Not long beforehand, the other app instance in iad successfully restarted its connection according to my app’s logs.

I’m having the same issue. I can’t deploy my applications because of timeouts to redis.

We also see the same issue with Redis using rails/sidekiq

Seems to be happening again (‘prereview’ app, connecting to the instance in fra using the Redis replica in fra).

After thinking I’d solved my similar problem in the past I’m suddenly getting it again now as well.

I’m seeing lots of Redis connection timeout errors and my app isn’t successfully getting anything out of Redis. I haven’t changed anything relevant for quite a while so don’t believe I’ve broken it.

Just to clarify, you’re seeing timeouts when you try to connect to Redis? Or you’re seeing timeouts when a connection has been alive for a while.

It sounds like the former, which shouldn’t be happening. The latter is somewhat normal.

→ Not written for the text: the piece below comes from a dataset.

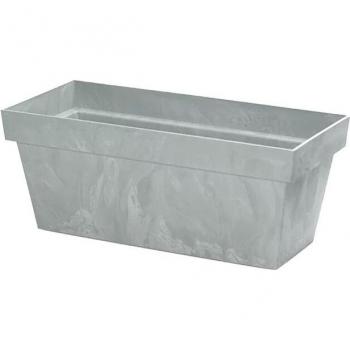 Maceta Prosperplast CUBE CASE BETON EFFECT 8L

@kurt I can’t speak for the others but for me I think it is the latter (i.e. timeouts after connection alive for a while). If this latest instance of it is same as before for me then it works for a while after a deploy (like it does for @thewilkybarkid) and then starts failing after some period (not sure how long, but hours not minutes). It had been fine for me after I tweaked my Redis connection settings about 2 weeks ago, but today I’m getting problems again which I assumed might be the same as the others in this thread.

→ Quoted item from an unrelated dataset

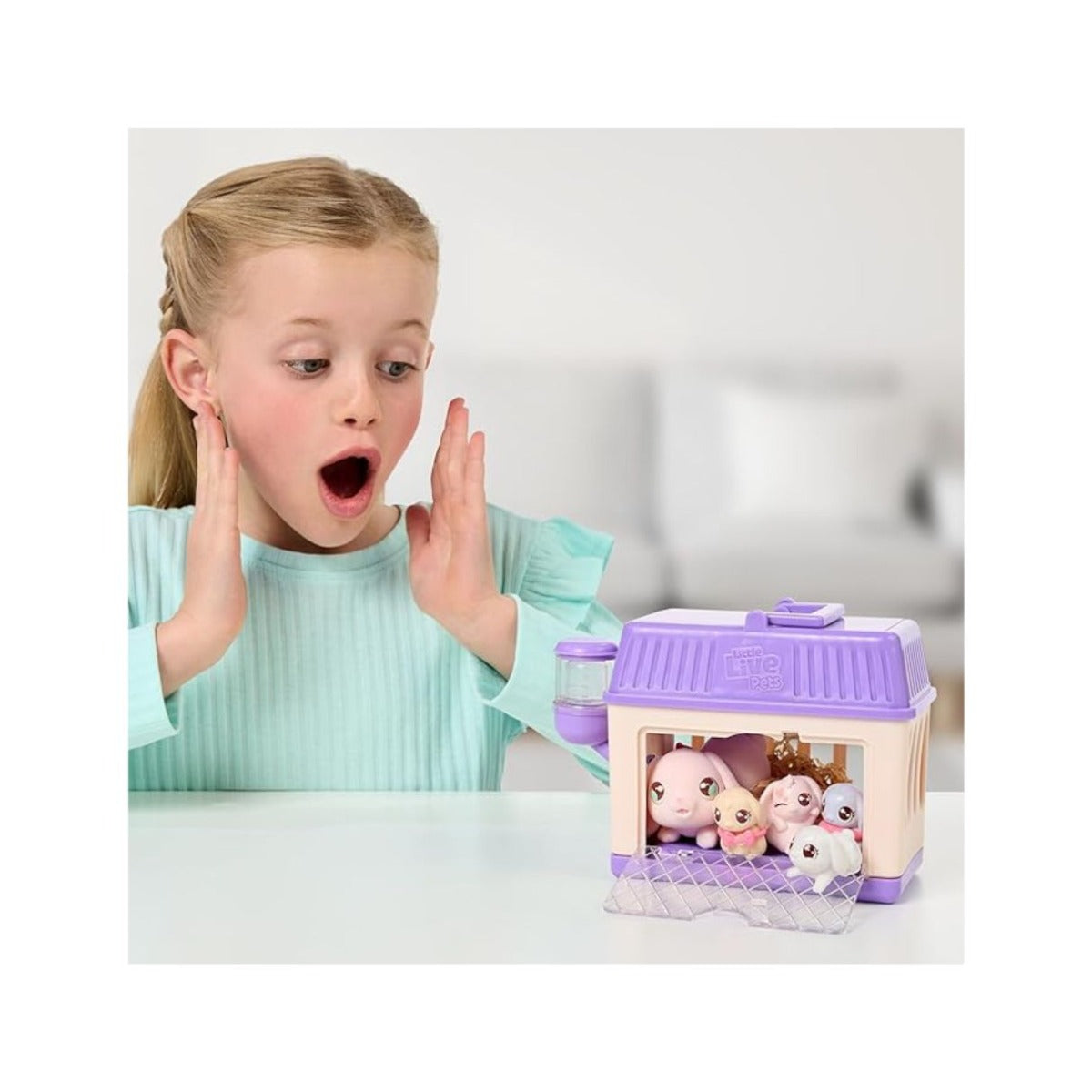 Buy Little Live Pets Mama Surprise S4 Mini Playset Bunny | Yallatoys.com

I understand it might have to reconnect if a connection has been open too long, but it seems like that re-connection might be failing. I’ve just bumped up connect and command timeouts a little and redeployed. It’s working again now so I’ll wait and see what happens.

It’s the latter for me. With half a day’s worth of logs (low traffic though), I can see the connection is closed every so often and ioredis reconnects. Other times, however, the connection remains open but is unusable (i.e. commands time out).

I might add a ping to my app’s health check to see if that helps. (It’ll be called far more often than should be needed, but it would keep it active.)

ioredis might have a ping function. I think the hangs are concerning, but I’m guessing those happen because ioredis hasn’t detected the closed connection. If you can get a command to traverse the connection every ten seconds or so, I think it’ll be fine.

Can you share your ioredis config?

I am also seeing this issue and using ioredis with fly / upstash redis. My ioredis config is dead simple const redis = new Redis(process.env.REDIS_URL). I did add ?family=6 to the end of the connection string printed to my terminal after I created the redis instance in order for the initial connection to work, but now after after a stretch of no traffic I cannot connect anymore.

We have the same as @joncallahan, except for setting commandTimeout (and enableAutoPipelining, which had no effect on this).

Regarding pinging Redis… see Upstash - Redis not reachable sometimes - #8 by pontus

Looks like it might have worked for them (albeit with node-redis). Hopefully ioredis has something similar. If so, I’ll try it and see.